Open pboudolf opened 4 years ago
@pboudolf Hi, I think, there is a slight misunderstanding. I know your feeling.
At first, even if we use the model learned by the authors, it seems that the recognition accuracy will not be significantly reduced by setting the image size to 128x128. In that case, you can adjust the scale value properly. The adjustment formula is discussed in https://github.com/HRNet/HRNet-Facial-Landmark-Detection/issues/3.
Also, the argument [64, 64] of decode_preds
is used as the reference value when calculating the coordinate.
It is treated only as a number on decode_preds
.
And, [64, 64] means the heatmap size of the model.
The argument of decode_preds
and the heatmap size of the model shoud be synchronized .
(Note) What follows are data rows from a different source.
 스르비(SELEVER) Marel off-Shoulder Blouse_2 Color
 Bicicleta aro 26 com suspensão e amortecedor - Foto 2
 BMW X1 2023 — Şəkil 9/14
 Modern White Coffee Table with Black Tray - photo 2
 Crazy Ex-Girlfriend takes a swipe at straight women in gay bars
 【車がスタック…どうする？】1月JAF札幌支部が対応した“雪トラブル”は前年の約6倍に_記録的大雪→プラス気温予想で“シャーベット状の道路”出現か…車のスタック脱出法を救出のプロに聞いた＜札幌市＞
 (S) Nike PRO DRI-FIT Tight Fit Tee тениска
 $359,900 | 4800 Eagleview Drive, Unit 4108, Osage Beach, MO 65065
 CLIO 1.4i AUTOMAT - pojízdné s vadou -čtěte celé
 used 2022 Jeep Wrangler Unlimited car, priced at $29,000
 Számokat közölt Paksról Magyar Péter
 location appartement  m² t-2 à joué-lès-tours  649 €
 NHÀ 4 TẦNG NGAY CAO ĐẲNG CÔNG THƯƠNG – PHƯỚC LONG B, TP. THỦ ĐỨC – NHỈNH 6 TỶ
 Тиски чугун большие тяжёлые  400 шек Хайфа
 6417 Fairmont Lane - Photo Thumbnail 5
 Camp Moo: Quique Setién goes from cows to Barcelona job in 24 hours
My recommendation is not to change the author's model config. And, referring to https://github.com/HRNet/HRNet-Facial-Landmark-Detection/issues/3, calculate appropriately according to your image. I think this is the simplest solution.
FYI!
Hi, I used the same learning conditions (crop, etc.) to make the model estimate keypoints for my own images (that are annotated with a bouding box). However, these images are of the format 128x128 instead of 256x256. To account for this, I changed in the following line: https://github.com/HRNet/HRNet-Facial-Landmark-Detection/blob/f776dbe8eb6fec831774a47209dae5547ae2cda5/lib/core/function.py#L194 [64,64] to [32,32]. This way, my points are better centered on the face, but they are still estimated really badly. Could this be because of the 128x128 input (although I thought I accounted for this)? Or do others also have performance problems on own images and might the problem be caused because of occlusions and lighting conditions in my own images?